» **WHAT IS BEING ASKED**
Print the listing exactly as it stands. Skip every picture.

##### DATASET

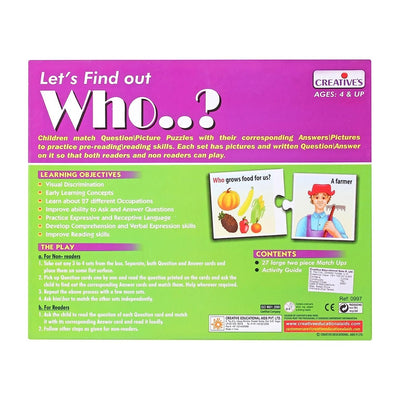 Let's Find Out - Who? (Educational Games & Puzzle)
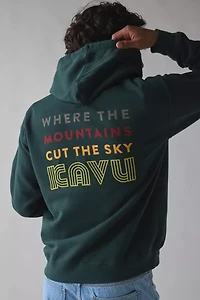 KAVU Core Graphic Hoodie Sweatshirt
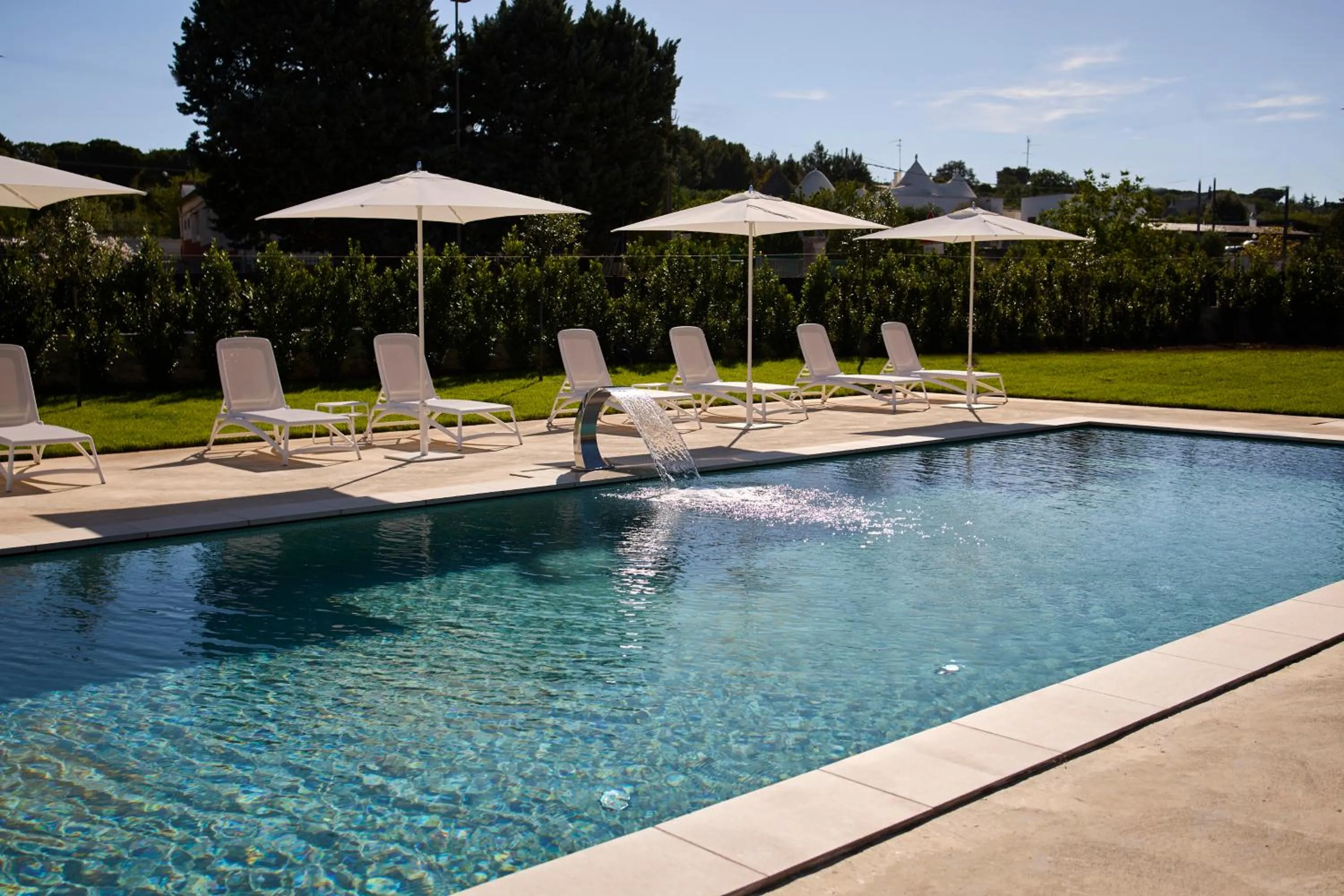 Pool view in B&B Le Bianche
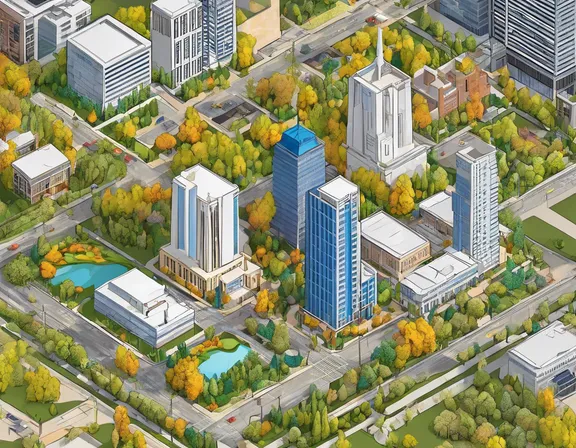 Boise in the spring image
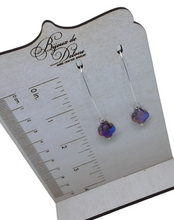 Load image into Gallery viewer, Purple Crystal Earrings
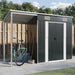 Garden Shed with Extended Roof Anthracite 277x110.5x181 Cm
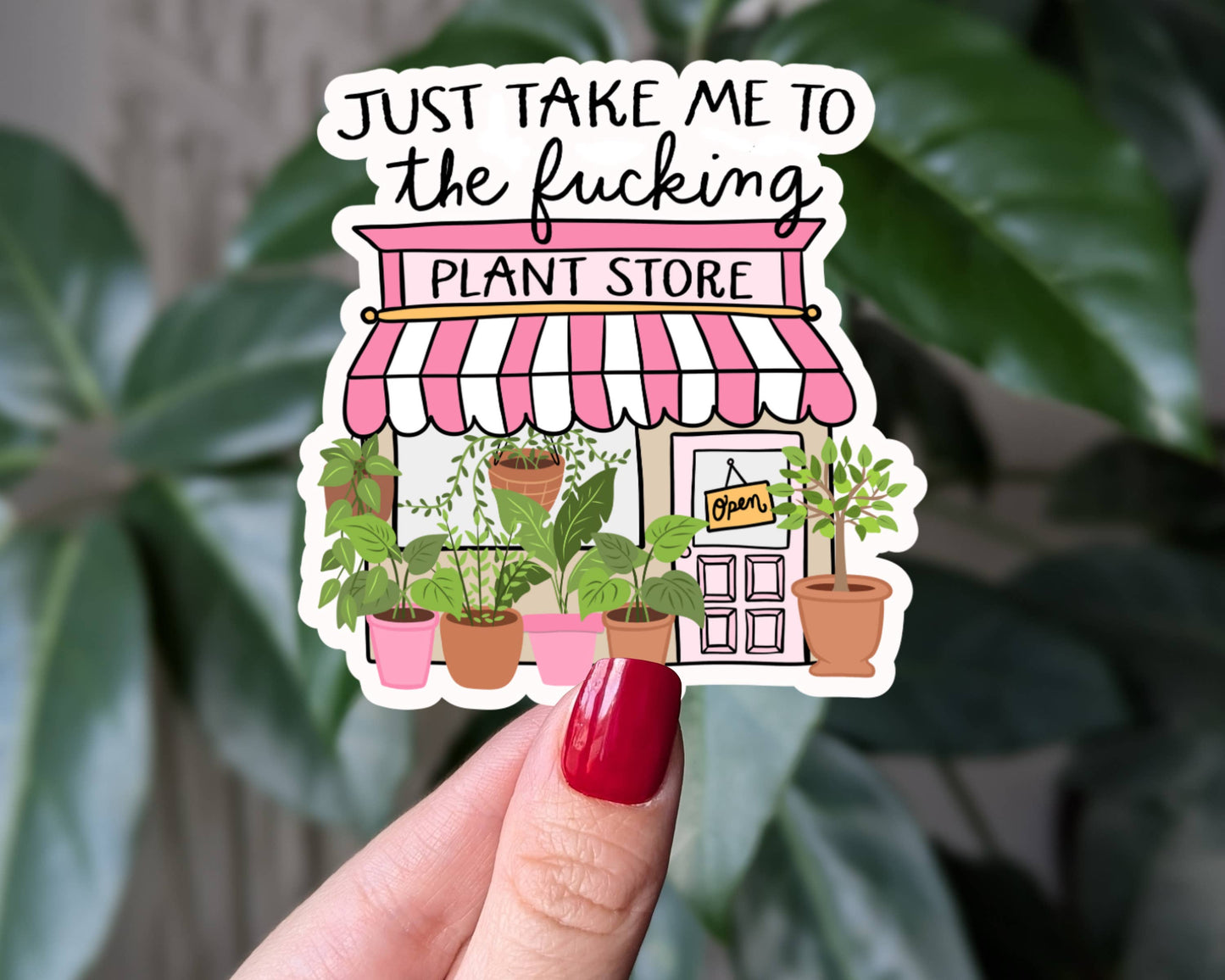 Just Take Me To The Plant Store, Funny Plant Lover Sticker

##########

» **YOUR SOLUTION**
 Let's Find Out - Who? (Educational Games & Puzzle)
 KAVU Core Graphic Hoodie Sweatshirt
 Pool view in B&B Le Bianche
 Boise in the spring image
 Load image into Gallery viewer, Purple Crystal Earrings
 Garden Shed with Extended Roof Anthracite 277x110.5x181 Cm
 Just Take Me To The Plant Store, Funny Plant Lover Sticker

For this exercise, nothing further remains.